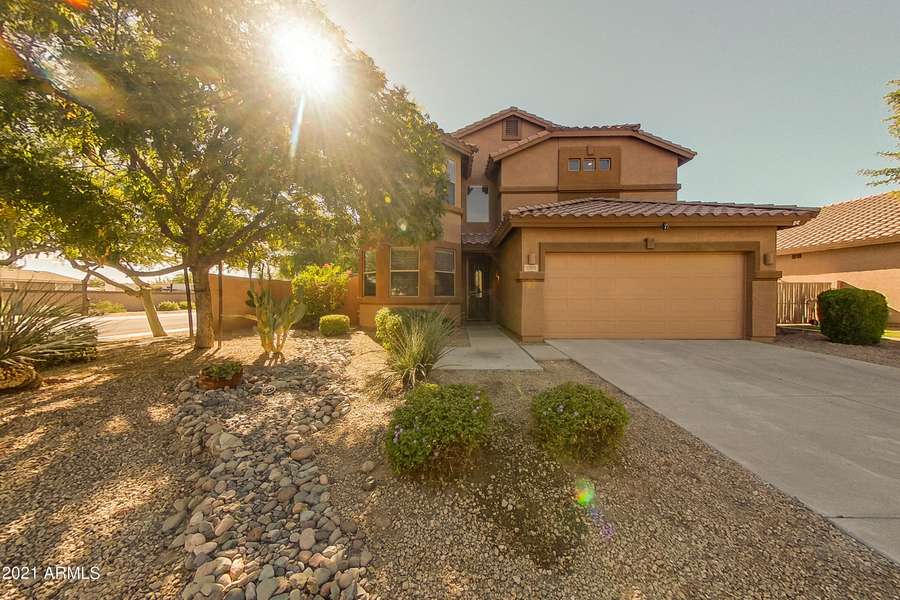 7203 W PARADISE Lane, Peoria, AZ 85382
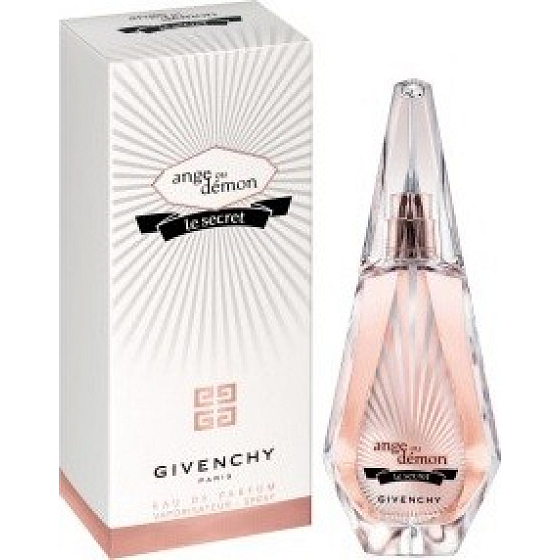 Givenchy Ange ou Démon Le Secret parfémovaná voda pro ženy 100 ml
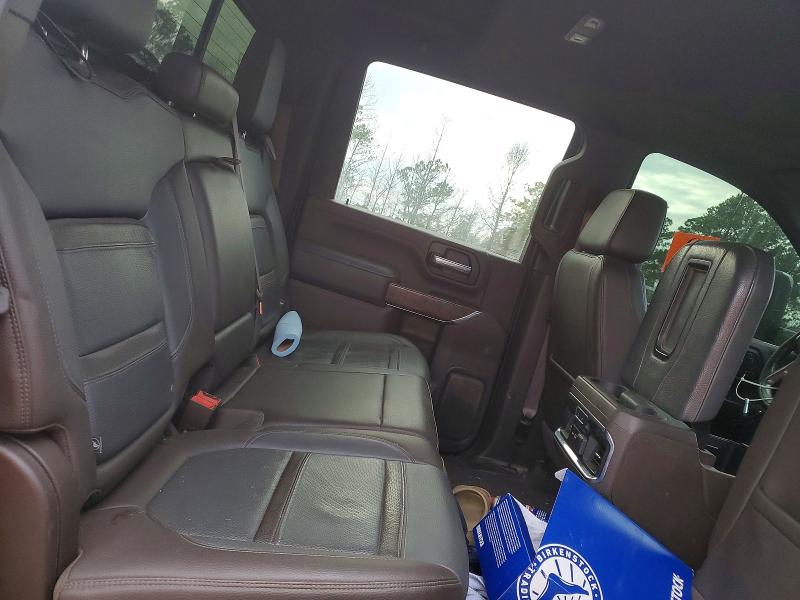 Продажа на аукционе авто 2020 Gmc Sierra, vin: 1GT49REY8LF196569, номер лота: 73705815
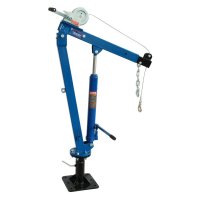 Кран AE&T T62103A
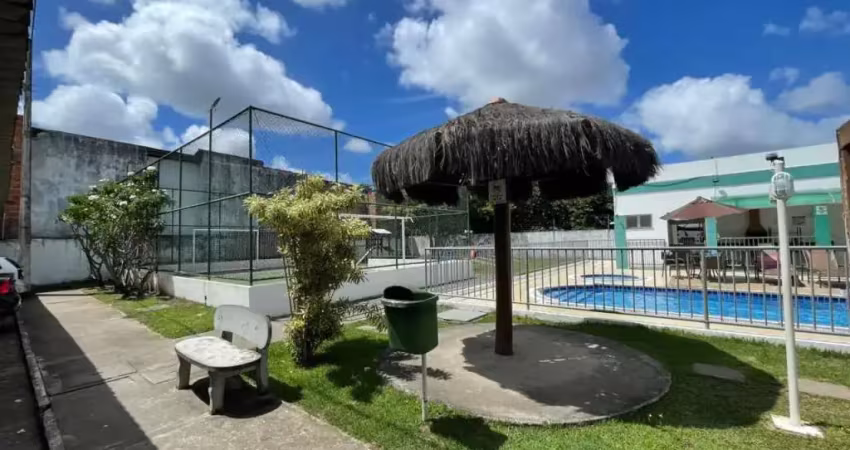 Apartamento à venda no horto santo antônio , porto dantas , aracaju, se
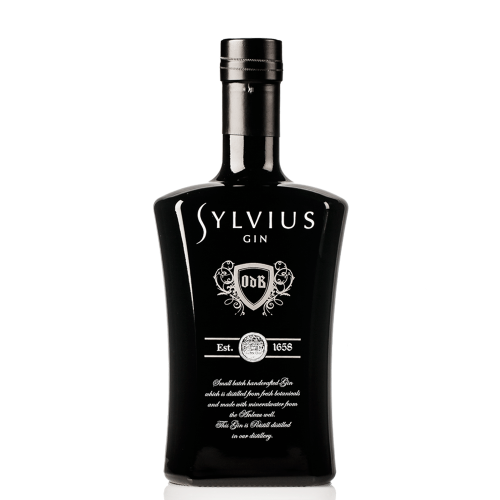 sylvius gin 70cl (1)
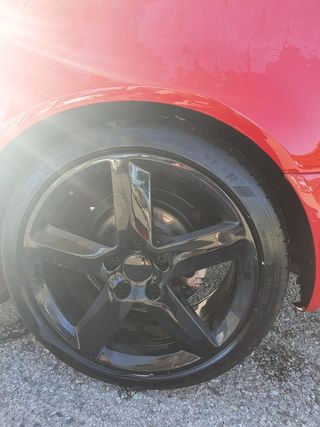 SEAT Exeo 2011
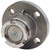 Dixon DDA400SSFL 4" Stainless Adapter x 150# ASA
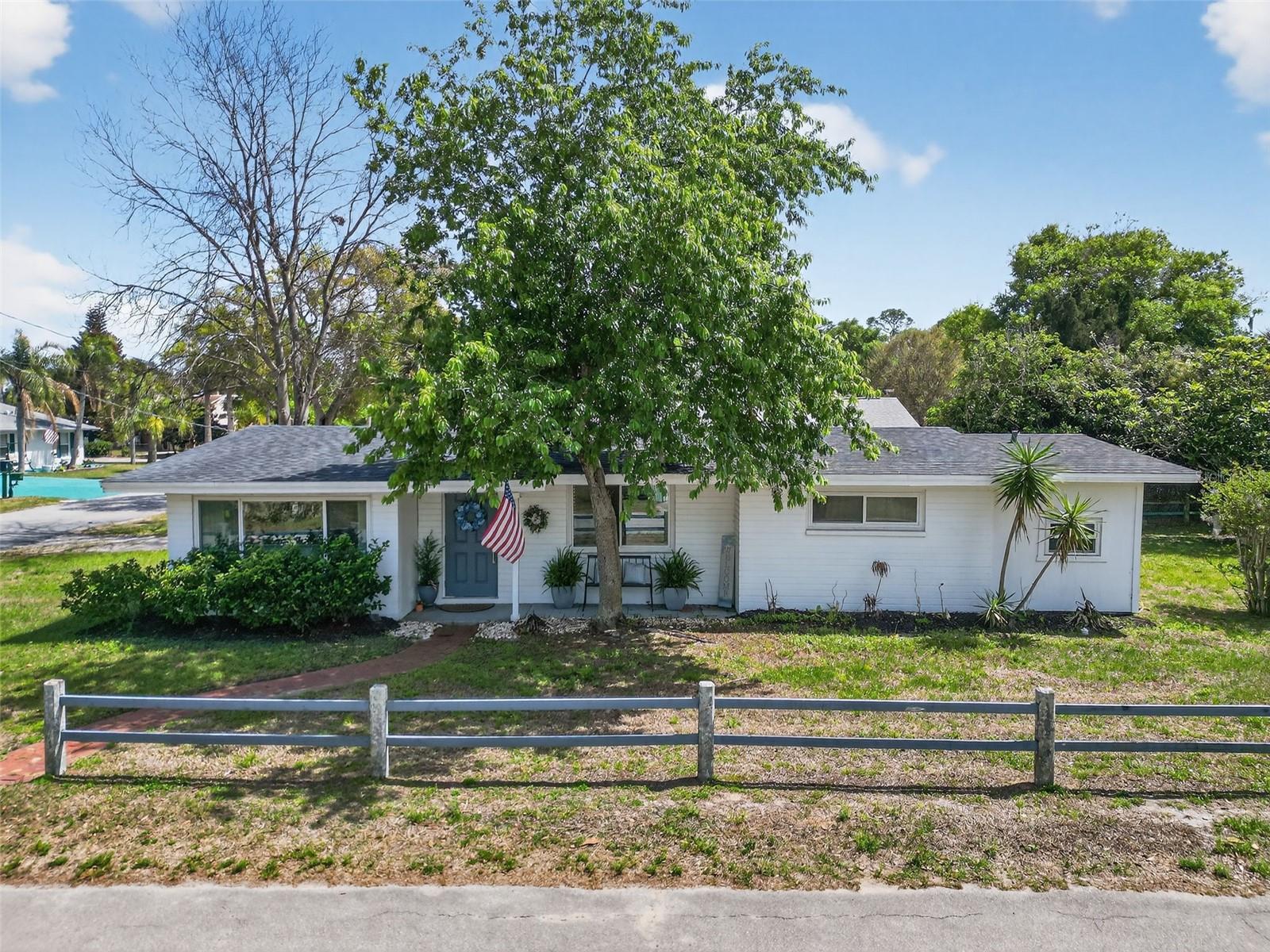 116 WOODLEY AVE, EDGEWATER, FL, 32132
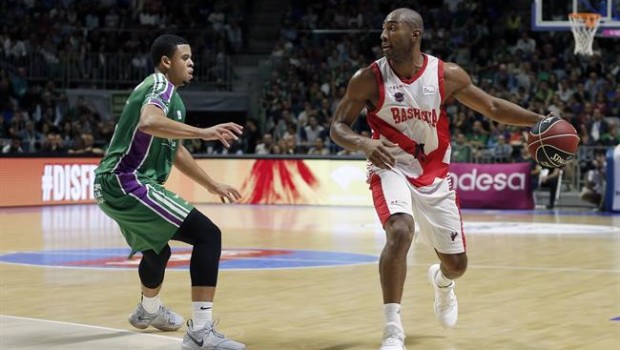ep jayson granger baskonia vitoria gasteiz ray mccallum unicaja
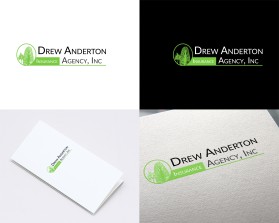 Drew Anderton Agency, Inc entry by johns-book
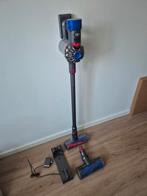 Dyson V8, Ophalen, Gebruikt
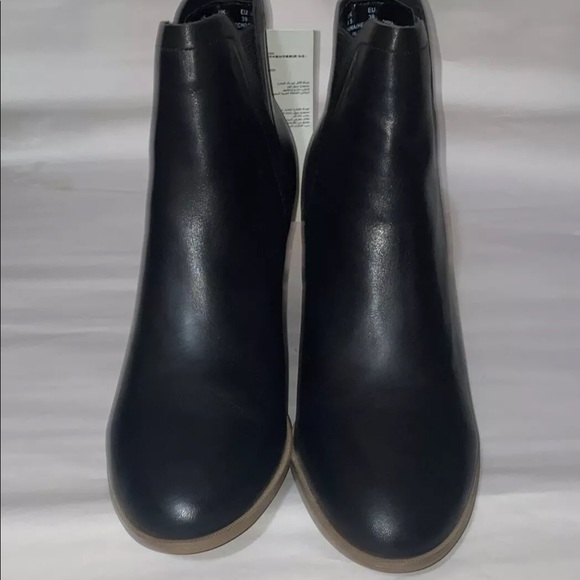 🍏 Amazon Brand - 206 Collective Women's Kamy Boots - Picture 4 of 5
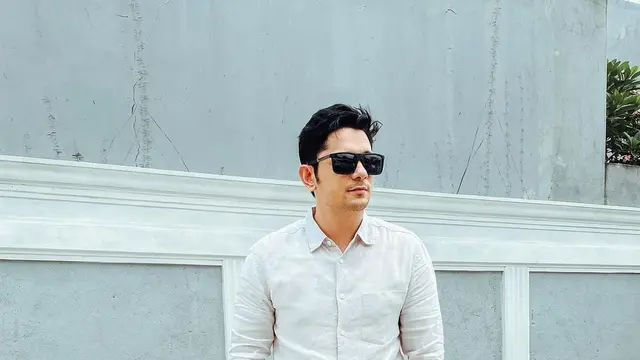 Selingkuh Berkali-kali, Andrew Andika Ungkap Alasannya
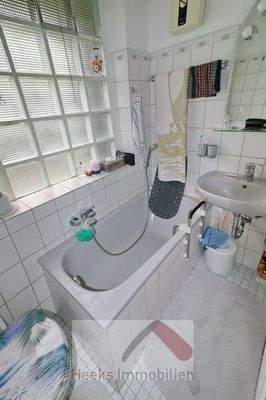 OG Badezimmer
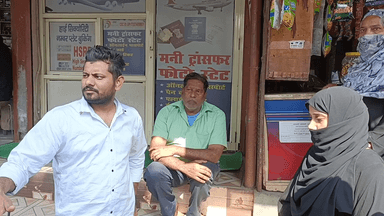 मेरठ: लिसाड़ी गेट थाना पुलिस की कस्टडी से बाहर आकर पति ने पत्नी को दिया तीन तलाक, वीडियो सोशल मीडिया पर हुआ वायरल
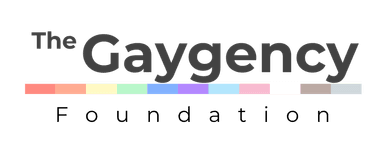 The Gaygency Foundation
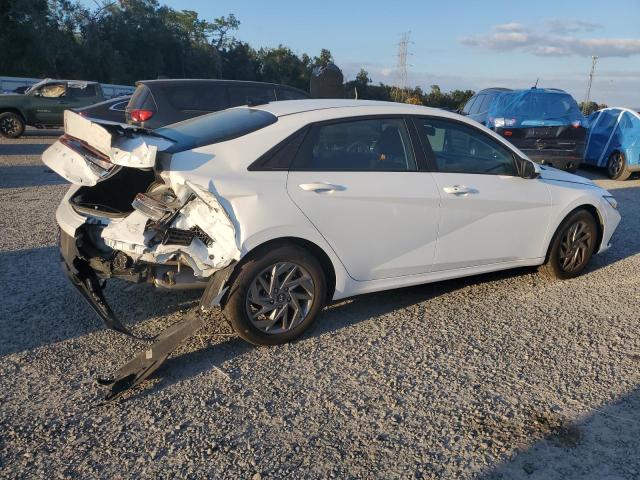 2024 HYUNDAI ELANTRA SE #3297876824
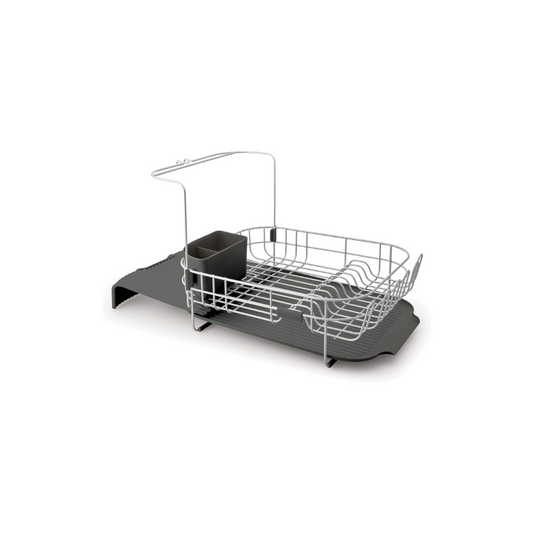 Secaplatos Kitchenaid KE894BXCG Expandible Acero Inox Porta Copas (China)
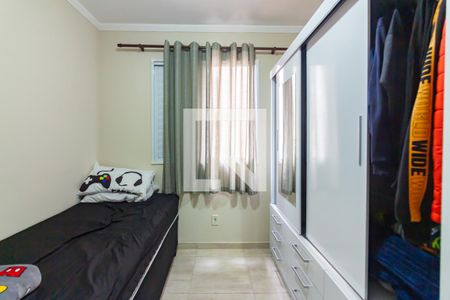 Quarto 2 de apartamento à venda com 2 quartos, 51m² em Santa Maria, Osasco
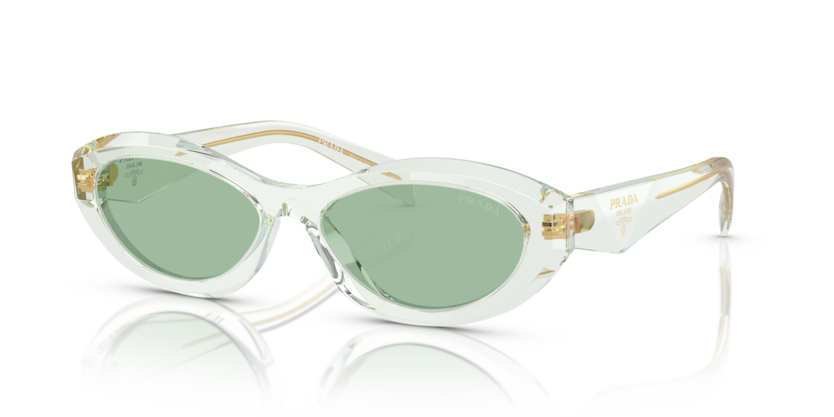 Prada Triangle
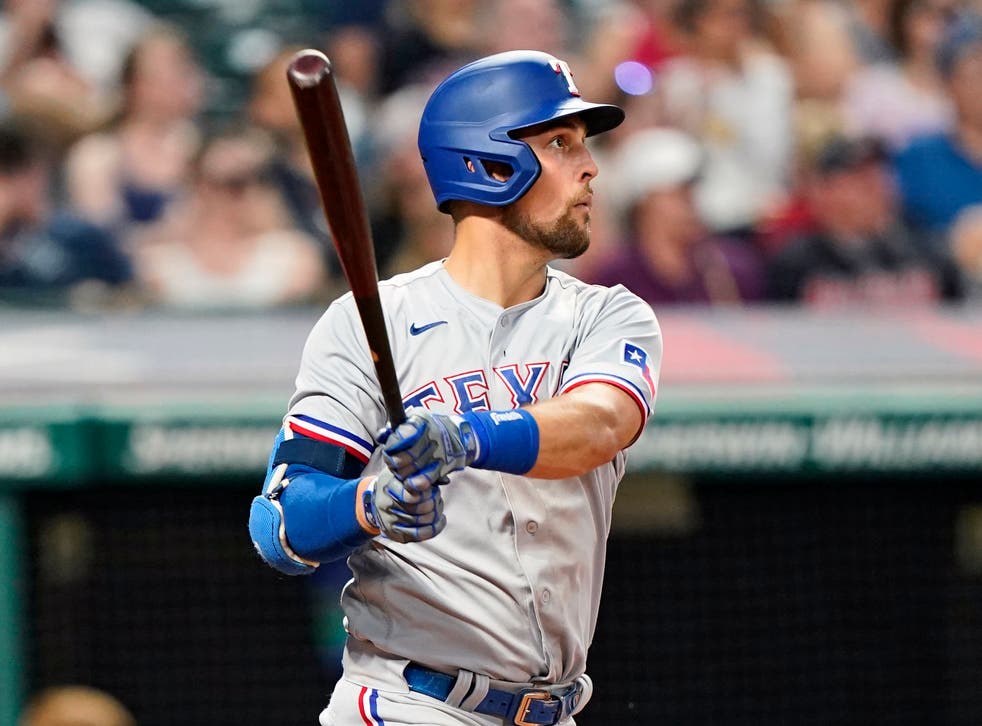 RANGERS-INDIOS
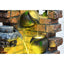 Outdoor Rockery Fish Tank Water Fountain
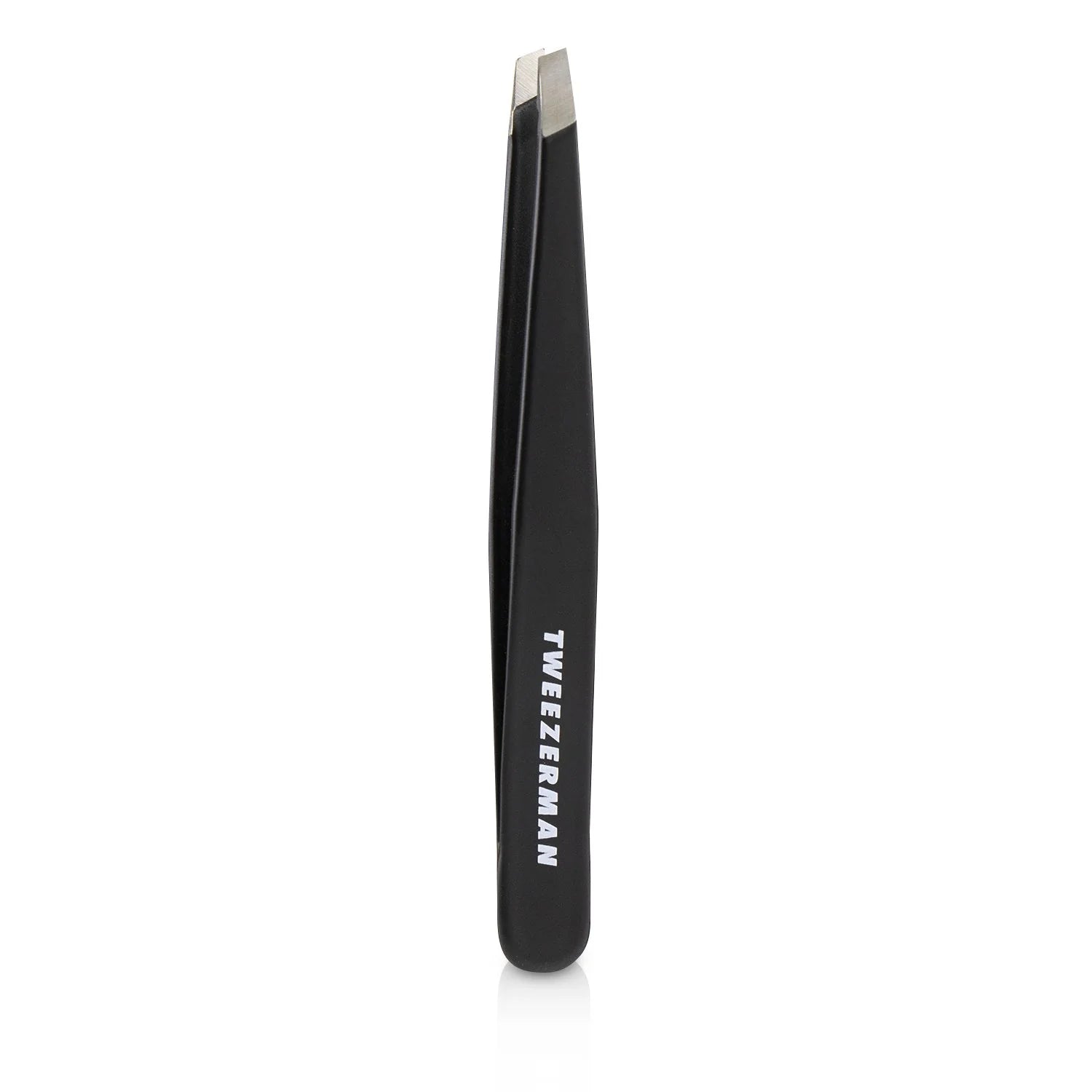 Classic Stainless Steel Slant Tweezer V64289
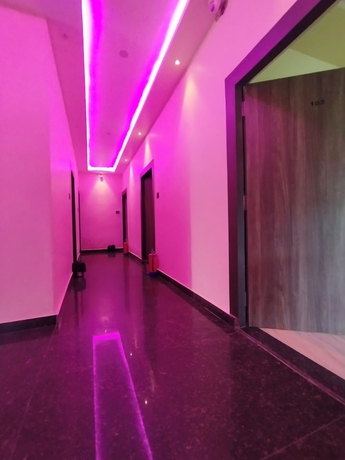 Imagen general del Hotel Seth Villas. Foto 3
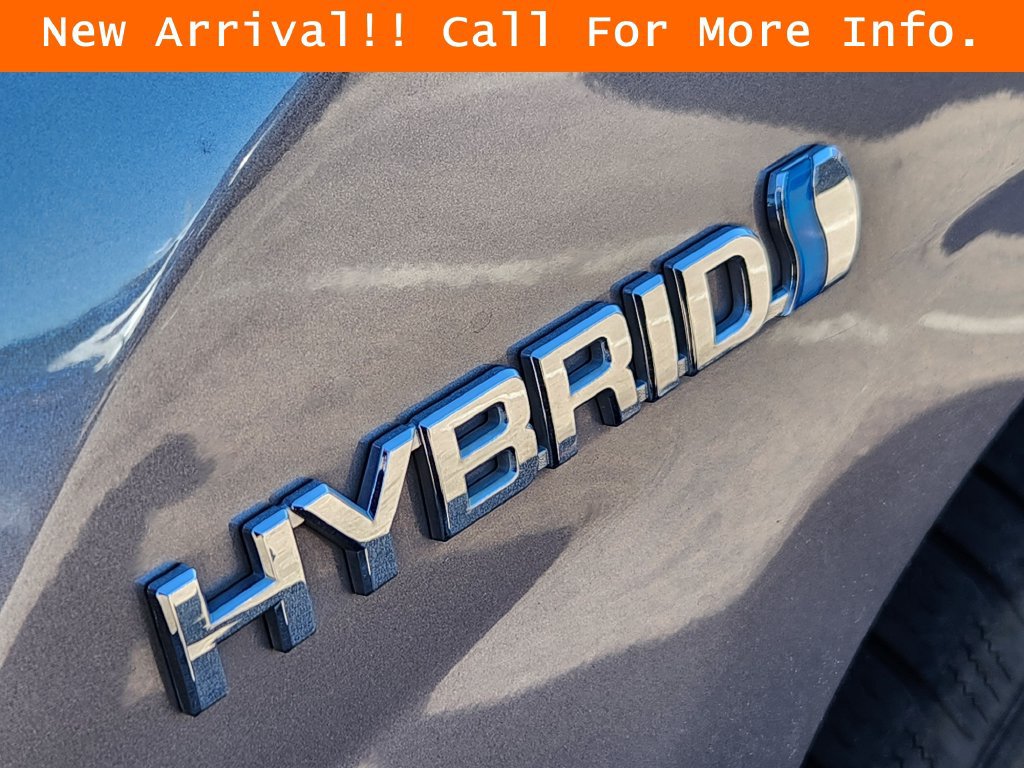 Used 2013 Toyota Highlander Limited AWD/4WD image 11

=-=-=

▶ Task brief
Of the records above, print only the lines from the one containing "2024 HYUNDAI ELANTRA SE #3297876824" through the one containing "Outdoor Rockery Fish Tank Water Fountain", inclusive and unaltered, leaving out pictures.

▶ Result of the task
 2024 HYUNDAI ELANTRA SE #3297876824
 Secaplatos Kitchenaid KE894BXCG Expandible Acero Inox Porta Copas (China)
 Quarto 2 de apartamento à venda com 2 quartos, 51m² em Santa Maria, Osasco
 Prada Triangle
 RANGERS-INDIOS
 Outdoor Rockery Fish Tank Water Fountain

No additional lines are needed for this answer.